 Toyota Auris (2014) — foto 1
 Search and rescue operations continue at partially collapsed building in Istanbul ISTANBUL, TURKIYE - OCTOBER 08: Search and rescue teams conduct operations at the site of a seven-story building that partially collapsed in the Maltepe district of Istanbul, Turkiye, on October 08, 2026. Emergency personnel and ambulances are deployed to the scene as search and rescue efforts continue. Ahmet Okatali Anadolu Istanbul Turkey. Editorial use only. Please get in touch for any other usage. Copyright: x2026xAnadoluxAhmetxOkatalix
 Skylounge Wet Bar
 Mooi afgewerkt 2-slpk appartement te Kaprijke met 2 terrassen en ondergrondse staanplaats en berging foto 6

* * *

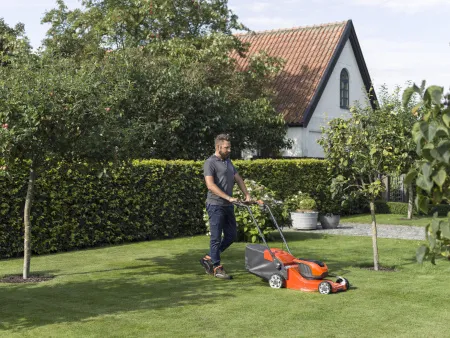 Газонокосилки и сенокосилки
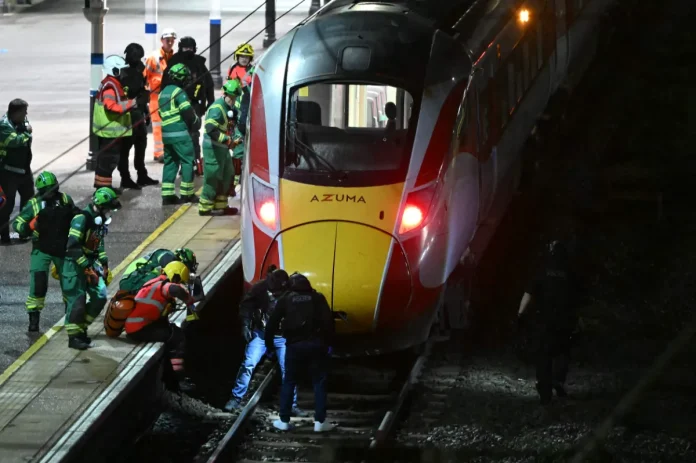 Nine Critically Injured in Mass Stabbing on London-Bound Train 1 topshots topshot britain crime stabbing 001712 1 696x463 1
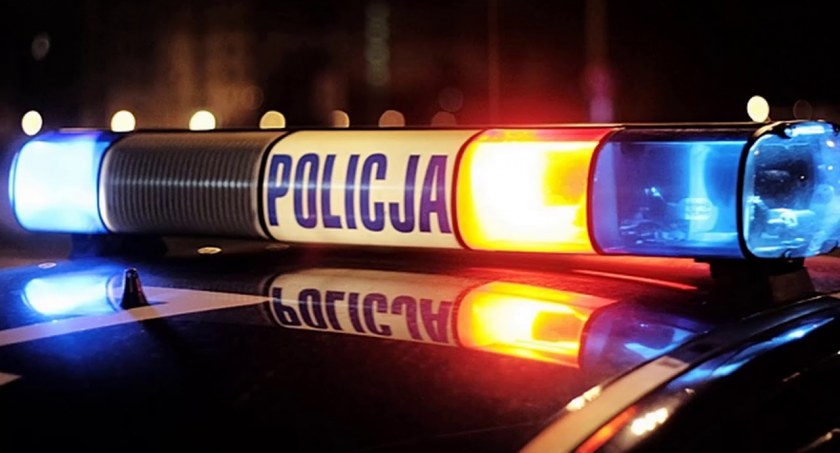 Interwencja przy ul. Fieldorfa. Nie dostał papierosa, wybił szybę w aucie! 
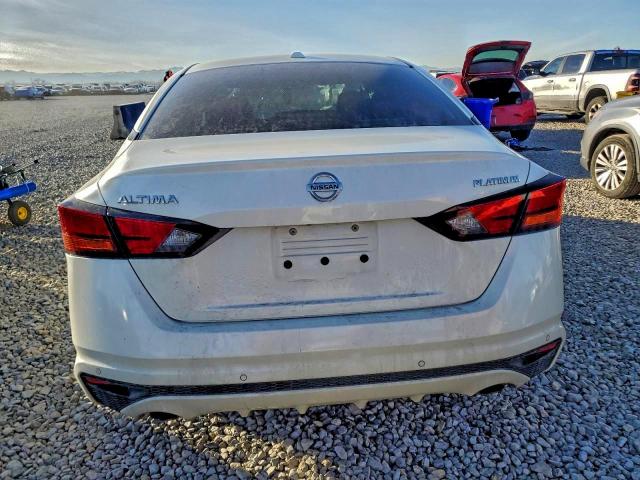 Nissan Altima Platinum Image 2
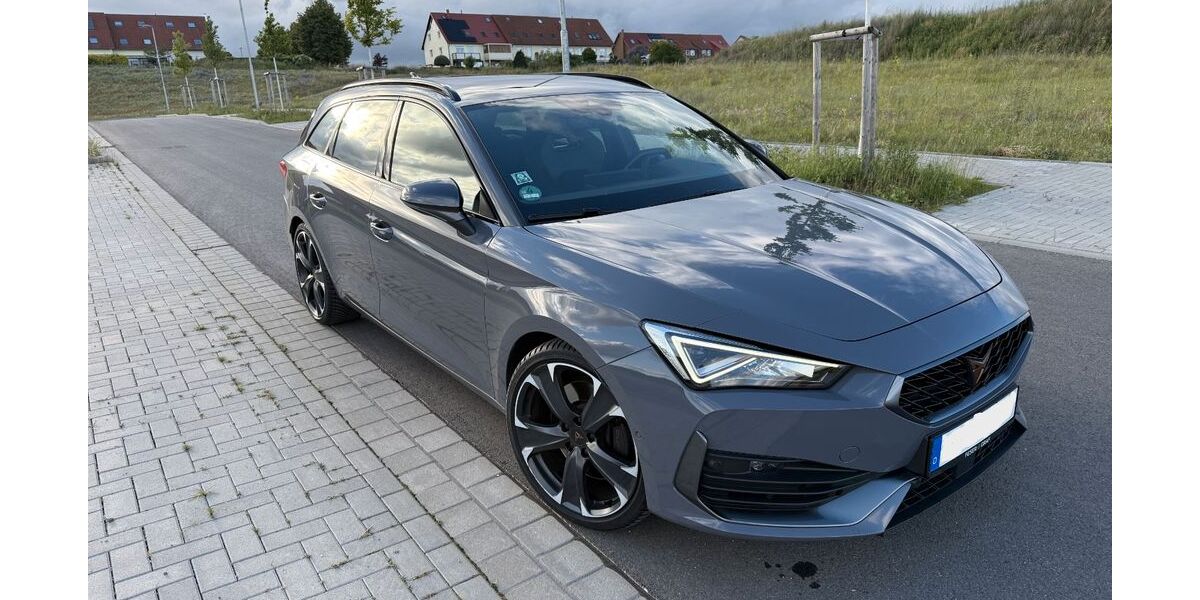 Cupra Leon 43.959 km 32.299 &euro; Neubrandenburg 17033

## Work to be completed
Please return the material above only from the line that holds "Nine Critically Injured" through the line that holds "Cupra Leon 43.959", exactly as it stands, ends included and pictures omitted.

## Exercise answer
 Nine Critically Injured in Mass Stabbing on London-Bound Train 1 topshots topshot britain crime stabbing 001712 1 696x463 1
 Interwencja przy ul. Fieldorfa. Nie dostał papierosa, wybił szybę w aucie! 
 Nissan Altima Platinum Image 2
 Cupra Leon 43.959 km 32.299 &euro; Neubrandenburg 17033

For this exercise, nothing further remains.